Valendo-se de seus próprios recursos e sem indagar as vantagens materiais que o livro lhe traria, ou seja, mudando de atitude em relação à “divisão do trabalho” e ao retorno financeiro no início pretendido, Paulo Honório começa a escrever, narrando sua trajetória que vai de guia de cego a proprietário rural.

O protagonista do romance é órfão, criado por uma negra analfabeta, luta – com trabalho lícito e esforços ilícitos – para vencer na vida. Após ter conquistado e perdido fortuna e prestígio, descobre-se solitário e infeliz. Decide, então, fazer um balanço de sua vida. Nessa construção narrativa surgem os traços mais marcantes de uma personalidade “moldada” pelo contexto socioeconômico do qual fazia parte.

Ponto central do enredo e do processo de auto-análise do narrador, está o casamento com Madalena, uma professora de origem pobre. A convivência revela as diferenças entre os dois. Enquanto Paulo via nos empregados apenas um meio de obter lucro, não se preocupando, portanto, com a educação ou com a saúde deles, Madalena sentia a necessidade de humanizá-los. Essas divergências minam cada vez mais a estabilidade do casamento, reagravada pela desconfiança de Paulo, o qual se imagina traído por Madalena. A mulher, vítima do ciúme brutal do marido, suicida-se.

Paulo não consegue fazer de Madalena sua propriedade, contudo, é a perseverança humanística da esposa que faz o protagonista repensar sua vida escrevendo o livro. Na verdade, a partir do casamento, como observou o crítico Antonio Candido, "instalam-se na sua vida (de Paulo Honório) os fermentos de negação do instinto de propriedade, cujo desenvolvimento constitui o drama do livro". Ele sente uma estranha necessidade de escrever, numa tentativa de compreender, pelas palavras, não só os fatos de sua vida como também a esposa, suas atitudes e seu modo de ver o mundo.

O social e o psicológico se fundem em “São Bernardo” para criar uma obra de profunda análise das relações humanas. Diante de uma das muitas interpretações possíveis, a obra sugere que o homem cria para si estruturas sociais que acabam por gerar problemas graves, aprisionando a si mesmo dentro dessas estruturas.

Observa-se que o romance aborda o embate entre Paulo Honório e as demais personagens preconizando elementos estruturais e orgânicos que acabam por simbolizar o próprio sistema capitalista. Esse capitalismo emergente traz à tona problemas de relacionamento social, claramente vivenciados por Paulo Honório, mesmo sem perceber de imediato, o que só o faz quando da morte da esposa.
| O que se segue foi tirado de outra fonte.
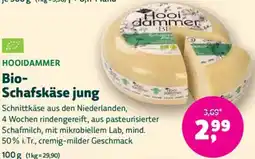 Denn's Biomarkt Bio- Schafskäse jung Angebot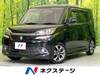 SUZUKI SOLIO BANDIT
Um desses problemas, preponderante na história é a "coisificação" a que, em níveis diferentes, submetem-se Paulo Honório, Madalena e os empregados com evidente degradação dos valores humanos.

Por meio de personagens como o protagonista de “São Bernardo”, Graciliano Ramos conduz seus leitores a uma análise progressiva da alma humana. Destituído de propriedades e prestígio, Paulo Honório é um “explorador feroz”, um “animal capitalista” sem capital. Suprema ironia para alguém como ele, que via as pessoas que lhe serviam como “bichos”, como “coisas” úteis. Quando escreve sua história ele próprio não passa de uma “coisa” sem utilidade, alguém perdido e sem valor de troca.



*Publicado originalmente no suplemento especial "Educação" do jornal "O Paraná", edição 395, página 11, 21/09/2007.